1 Execution site(s)
Alexandra V. evokes: "The mortality rate [in the camp] was very high. The police threw the bodies into the swamps, a bulldozer pushed the bodies inside. There was a very high number of deaths, one had to get rid of dead bodies every day." (Witness N°80, interviwed in Bryansk, on October 22, 2010).
"Once they arrived in the city of Bryansk and its district, the German military command started ordering mass arrests and exterminating the civilian inhabitants: women, children, the elderly. From September 18-25, 1943, the Bryansk municipal commission (...) opened mass graves, discovered on the hillside of the "Verkhni Sudok" ravine, containing the bodies of civilians who were shot as well as those who died due to poor treatment. One of [the mass graves] measured 9m in length, 7m in width and 2-4m in depth and contained 3,500 bodies.
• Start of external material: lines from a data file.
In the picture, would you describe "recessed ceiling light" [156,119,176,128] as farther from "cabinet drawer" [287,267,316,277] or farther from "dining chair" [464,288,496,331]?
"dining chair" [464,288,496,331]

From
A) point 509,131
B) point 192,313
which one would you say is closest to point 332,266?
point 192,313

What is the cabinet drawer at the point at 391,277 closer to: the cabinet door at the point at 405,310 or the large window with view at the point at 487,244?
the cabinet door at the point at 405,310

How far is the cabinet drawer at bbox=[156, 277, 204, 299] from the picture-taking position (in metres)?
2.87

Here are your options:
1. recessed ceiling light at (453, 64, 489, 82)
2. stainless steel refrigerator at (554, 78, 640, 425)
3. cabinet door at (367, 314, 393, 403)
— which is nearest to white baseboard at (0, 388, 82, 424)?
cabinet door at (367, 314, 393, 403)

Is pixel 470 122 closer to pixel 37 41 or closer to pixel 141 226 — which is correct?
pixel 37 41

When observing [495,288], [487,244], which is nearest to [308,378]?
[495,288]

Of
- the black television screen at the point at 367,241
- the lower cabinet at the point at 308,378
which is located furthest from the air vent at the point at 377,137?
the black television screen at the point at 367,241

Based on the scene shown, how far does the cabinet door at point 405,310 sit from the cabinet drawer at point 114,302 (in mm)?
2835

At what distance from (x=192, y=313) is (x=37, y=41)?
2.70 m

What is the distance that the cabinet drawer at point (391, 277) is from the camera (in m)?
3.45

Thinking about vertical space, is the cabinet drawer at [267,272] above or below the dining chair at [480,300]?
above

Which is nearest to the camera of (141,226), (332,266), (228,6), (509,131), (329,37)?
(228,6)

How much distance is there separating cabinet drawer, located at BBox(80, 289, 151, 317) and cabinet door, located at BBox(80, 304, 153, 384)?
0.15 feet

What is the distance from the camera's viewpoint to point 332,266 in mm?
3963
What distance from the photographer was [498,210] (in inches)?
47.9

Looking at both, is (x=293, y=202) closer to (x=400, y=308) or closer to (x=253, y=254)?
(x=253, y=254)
In the vicinity of the village of Bryansk II, to the right of Bryansk-Karachev, in front of the Medical estate [Bolnichny Gorodok, trn , on the territory of Probnoye Pole, 2km away from the road leading from the Medical estate to the woods, 769 bodies of the elderly, women, and children were found. All the bodies were completely naked. The people had been shot in the nape of the neck. The shooting took place just before the arrival of the Red Army, in the last days of August to the beginning of September 1943. In the other opened mass graves, situated west of the first one, on the sand mound, other decomposed bodies (people who were executed in 1941-1942) were discovered. In all, 14 mass graves of about 7 500 people, including the elderly, women and children, were discovered at this site. The majority of them were Jews but there were also Gypsy victims. [Act of the Soviet Extraordinary Commission, made on 18-28 September, 1943; RG-22.002M/7021-19/8]
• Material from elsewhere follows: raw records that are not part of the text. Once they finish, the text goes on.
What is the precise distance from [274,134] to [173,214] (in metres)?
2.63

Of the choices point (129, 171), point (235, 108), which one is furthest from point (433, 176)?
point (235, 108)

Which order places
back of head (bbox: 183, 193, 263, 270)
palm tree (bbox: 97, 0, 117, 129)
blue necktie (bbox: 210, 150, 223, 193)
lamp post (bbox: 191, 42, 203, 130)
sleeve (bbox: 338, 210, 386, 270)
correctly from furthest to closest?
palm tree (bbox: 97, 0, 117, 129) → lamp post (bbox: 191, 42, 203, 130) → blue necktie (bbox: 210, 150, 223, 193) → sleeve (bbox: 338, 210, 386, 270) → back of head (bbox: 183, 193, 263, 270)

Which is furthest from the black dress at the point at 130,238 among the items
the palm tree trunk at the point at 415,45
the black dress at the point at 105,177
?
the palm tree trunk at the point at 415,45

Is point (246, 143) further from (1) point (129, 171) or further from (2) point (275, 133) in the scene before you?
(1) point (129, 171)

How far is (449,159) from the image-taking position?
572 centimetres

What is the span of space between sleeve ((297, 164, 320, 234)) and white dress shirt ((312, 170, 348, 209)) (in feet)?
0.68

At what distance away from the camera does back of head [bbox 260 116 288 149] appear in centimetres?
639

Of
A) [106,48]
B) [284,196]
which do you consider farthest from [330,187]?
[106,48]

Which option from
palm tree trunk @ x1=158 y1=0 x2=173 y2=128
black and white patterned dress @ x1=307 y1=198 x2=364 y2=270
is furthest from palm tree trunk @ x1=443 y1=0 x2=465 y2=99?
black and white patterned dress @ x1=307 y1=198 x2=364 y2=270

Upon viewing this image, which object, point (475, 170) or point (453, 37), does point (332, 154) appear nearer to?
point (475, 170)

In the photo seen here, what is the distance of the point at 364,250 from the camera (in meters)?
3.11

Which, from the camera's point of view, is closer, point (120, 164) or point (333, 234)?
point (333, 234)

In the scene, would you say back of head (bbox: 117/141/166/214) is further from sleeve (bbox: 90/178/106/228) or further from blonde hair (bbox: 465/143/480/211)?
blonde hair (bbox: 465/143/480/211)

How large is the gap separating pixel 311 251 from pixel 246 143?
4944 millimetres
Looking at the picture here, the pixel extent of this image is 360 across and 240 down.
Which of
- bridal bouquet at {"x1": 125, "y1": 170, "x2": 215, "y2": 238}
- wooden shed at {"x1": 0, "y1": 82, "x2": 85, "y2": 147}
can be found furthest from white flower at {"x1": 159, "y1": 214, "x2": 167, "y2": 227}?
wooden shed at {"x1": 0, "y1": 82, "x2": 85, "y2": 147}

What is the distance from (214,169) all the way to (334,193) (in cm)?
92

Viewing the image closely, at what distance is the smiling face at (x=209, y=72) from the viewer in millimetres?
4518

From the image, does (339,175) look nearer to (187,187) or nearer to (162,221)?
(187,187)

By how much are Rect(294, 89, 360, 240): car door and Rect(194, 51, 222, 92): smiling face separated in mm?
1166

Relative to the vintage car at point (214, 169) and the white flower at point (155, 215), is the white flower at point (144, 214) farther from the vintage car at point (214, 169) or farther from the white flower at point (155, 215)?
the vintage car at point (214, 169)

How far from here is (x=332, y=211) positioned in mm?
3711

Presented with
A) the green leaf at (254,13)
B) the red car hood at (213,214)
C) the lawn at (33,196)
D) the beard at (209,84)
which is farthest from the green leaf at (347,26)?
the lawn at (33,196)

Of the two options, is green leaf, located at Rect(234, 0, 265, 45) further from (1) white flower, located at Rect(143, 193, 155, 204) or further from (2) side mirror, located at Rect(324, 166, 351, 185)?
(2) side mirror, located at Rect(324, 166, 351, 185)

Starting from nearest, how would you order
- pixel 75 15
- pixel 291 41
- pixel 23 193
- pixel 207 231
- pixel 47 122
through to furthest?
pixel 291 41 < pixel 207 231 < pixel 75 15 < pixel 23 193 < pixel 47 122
Bryansk is located 385 km southwest away from Moscow. The town had a Jewish cemetery with a burial society, Mikvah, a Talmud Torah, several Yiddish schools and a synagogue. According to the witness n°498, in 1928, as a result of the anti-religious movement, the synagogue was closed and transformed into a Klub and a Jewish butchery was closed. The majority of Jews was craftsmen, like cobblers and tailors, or worked in trade. There was little fabric. Prior to the war, about 5.102 Jews lived in Bryansk, which represented about 6% of the total population. The Germans occupied the city on October 6, 1941. By this time, a lot of refugees had arrived in the city and many Jews were evacuated or were enrolled in the Red Army.
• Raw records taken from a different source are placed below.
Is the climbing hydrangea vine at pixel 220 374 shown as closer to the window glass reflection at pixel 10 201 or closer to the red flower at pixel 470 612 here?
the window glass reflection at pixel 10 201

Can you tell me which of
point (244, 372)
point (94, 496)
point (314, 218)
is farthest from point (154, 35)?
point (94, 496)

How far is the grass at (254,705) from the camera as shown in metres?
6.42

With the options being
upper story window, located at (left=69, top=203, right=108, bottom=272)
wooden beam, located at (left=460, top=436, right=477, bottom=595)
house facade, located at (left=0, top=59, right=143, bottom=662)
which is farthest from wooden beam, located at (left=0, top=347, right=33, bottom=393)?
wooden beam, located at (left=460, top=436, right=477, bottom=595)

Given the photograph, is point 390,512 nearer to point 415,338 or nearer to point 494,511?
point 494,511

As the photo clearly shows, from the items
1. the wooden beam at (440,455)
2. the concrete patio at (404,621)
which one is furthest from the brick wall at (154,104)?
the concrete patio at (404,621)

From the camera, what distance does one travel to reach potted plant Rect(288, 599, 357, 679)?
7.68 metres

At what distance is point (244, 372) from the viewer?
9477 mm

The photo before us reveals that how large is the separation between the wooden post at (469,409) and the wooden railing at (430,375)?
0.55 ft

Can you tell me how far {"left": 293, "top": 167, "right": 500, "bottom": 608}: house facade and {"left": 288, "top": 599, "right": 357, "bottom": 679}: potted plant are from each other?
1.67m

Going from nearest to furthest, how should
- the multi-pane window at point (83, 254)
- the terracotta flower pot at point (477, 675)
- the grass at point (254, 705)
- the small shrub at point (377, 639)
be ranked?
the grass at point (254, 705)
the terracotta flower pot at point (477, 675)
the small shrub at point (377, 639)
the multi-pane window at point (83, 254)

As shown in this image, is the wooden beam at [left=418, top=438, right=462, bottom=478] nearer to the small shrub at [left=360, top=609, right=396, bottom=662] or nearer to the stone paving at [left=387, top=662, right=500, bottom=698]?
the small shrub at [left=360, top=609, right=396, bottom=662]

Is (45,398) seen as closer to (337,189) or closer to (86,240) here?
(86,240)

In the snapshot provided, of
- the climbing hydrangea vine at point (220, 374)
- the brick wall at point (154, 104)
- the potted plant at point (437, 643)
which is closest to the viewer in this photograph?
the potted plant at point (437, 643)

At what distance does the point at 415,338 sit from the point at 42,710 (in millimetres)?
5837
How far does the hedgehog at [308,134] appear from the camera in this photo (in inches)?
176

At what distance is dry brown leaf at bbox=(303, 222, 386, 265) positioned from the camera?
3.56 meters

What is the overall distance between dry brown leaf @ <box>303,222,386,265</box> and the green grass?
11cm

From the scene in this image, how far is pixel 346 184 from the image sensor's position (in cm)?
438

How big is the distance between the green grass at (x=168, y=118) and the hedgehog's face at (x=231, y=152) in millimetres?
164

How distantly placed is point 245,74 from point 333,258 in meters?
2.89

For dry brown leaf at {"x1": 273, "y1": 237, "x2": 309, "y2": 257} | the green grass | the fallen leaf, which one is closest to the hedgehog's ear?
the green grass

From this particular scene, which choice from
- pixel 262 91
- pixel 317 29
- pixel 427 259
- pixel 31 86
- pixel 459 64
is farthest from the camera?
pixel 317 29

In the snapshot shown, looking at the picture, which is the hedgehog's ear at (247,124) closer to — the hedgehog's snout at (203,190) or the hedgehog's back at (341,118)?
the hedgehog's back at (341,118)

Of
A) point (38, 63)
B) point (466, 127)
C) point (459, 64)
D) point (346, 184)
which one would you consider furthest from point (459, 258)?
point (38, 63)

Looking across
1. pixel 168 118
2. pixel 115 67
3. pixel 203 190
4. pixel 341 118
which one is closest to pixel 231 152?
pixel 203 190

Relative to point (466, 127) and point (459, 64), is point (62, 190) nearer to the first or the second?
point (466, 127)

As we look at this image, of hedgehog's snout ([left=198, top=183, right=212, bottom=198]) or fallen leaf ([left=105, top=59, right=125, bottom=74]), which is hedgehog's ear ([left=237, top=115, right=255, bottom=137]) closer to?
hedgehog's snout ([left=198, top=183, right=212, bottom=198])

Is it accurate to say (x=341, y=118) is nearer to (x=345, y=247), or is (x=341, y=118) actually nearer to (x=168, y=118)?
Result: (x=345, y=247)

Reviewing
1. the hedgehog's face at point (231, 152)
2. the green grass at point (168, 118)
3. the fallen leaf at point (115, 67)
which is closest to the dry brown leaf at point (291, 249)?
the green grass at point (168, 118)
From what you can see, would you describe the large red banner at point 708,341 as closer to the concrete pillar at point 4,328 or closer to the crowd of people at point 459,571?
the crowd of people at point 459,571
According to the witnesses interviewed by Yahad as well as the archives, prisoner of war camp was created in autumn 1941 as there were approximately 80.000 Soviet soldiers who were taken as prisoners of war during the attack. Half of them died due to hunger and harsh living conditions. In addition to POWs, there were also civilians in the camp, including women and children. The first Aktion took place in August 1942, when 3.500 prisoners of the camp, Jews among them, were executed in the “Verkniy Sudok” ravine. In the period from October 1941 until September 1943, 7.500 people, children, women and the elderly among them, were executed in 14 mass graves on the territory of “Probnoye Pole”, near the village of Bryansk II. The last execution, during which 769 victims were killed, took place before the Germans’ retreat, in late August or in early September 1943. The majority of the victims were Jews but there were also Gypsies among them.